━━ Dataset records
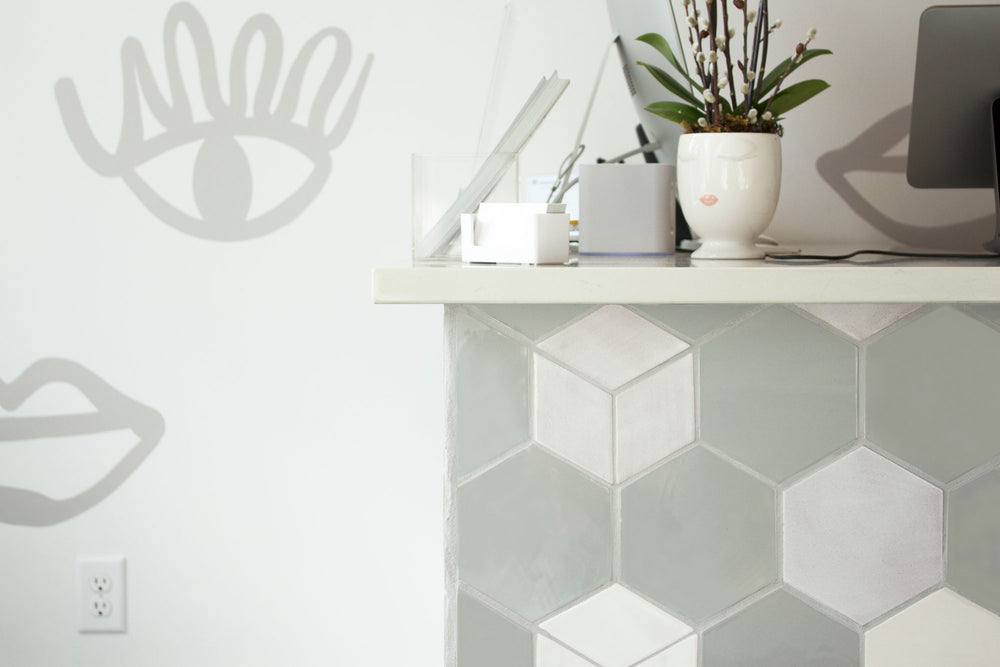 White Ombre Tile for Brow Chic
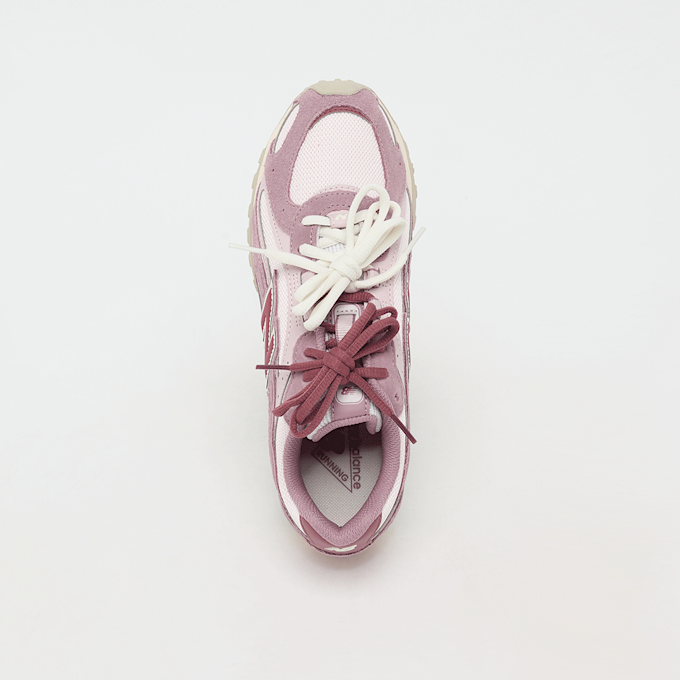 New Balance 204L różowy 97428 5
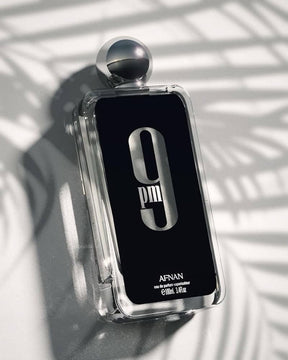 Frasco de vidro transparente e elegante com rótulo preto e logo prata 9 pm perfume afnan eau de parfum 100ml masculino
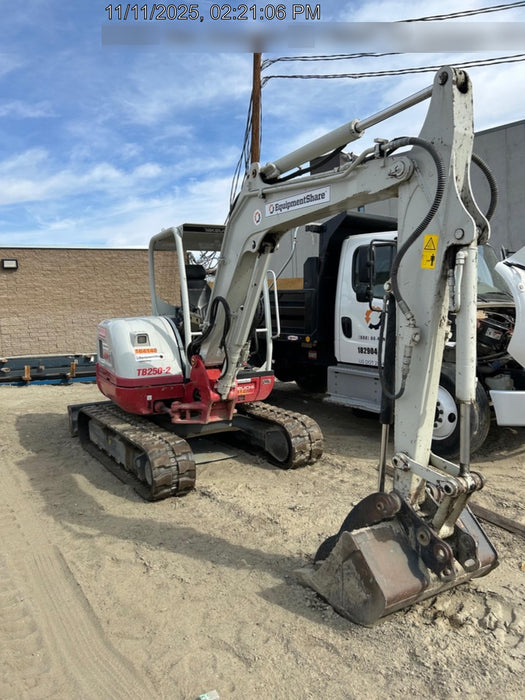 2021 TAKEUCHI TB250-2R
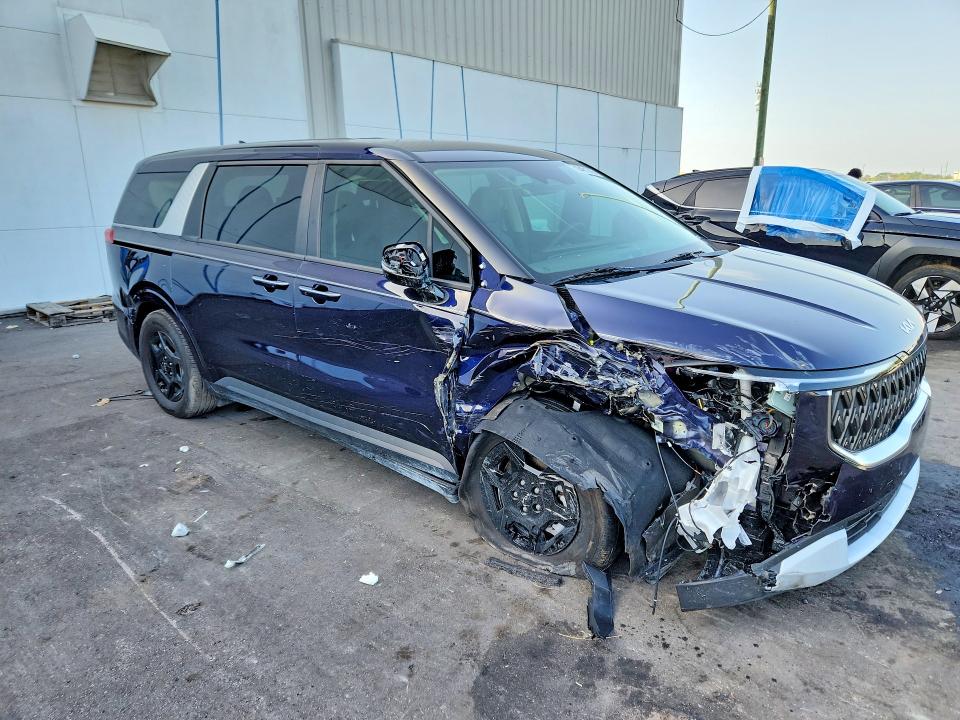 2026 Kia Carnival VIN KNDNB5K33T6603272 COPART salvage auction — FRONT END, Fl - Cert Of Title Slvg Rebuildable, sold $14,100 on 2026-08-24 (photo 4)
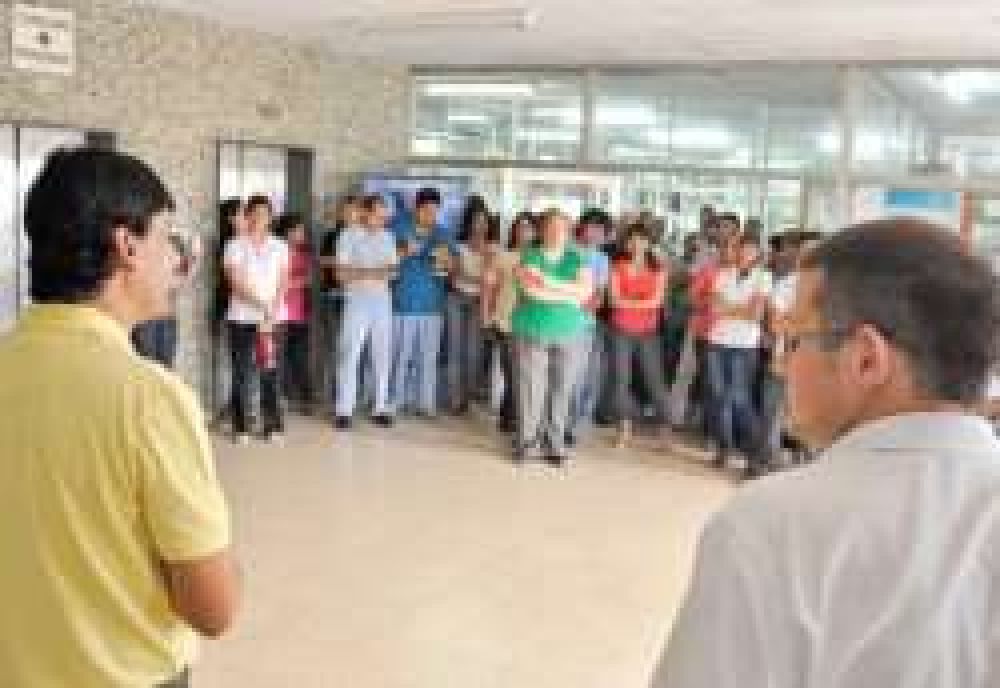 Paros por 48 horas en Salud P�blica y el Ministerio de Gobierno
━━━━
## Task brief
No pictures go in the copy. Set down all the data exactly.

## Solution
 White Ombre Tile for Brow Chic
 New Balance 204L różowy 97428 5
 Frasco de vidro transparente e elegante com rótulo preto e logo prata 9 pm perfume afnan eau de parfum 100ml masculino
 2021 TAKEUCHI TB250-2R
 2026 Kia Carnival VIN KNDNB5K33T6603272 COPART salvage auction — FRONT END, Fl - Cert Of Title Slvg Rebuildable, sold $14,100 on 2026-08-24 (photo 4)
 Paros por 48 horas en Salud P�blica y el Ministerio de Gobierno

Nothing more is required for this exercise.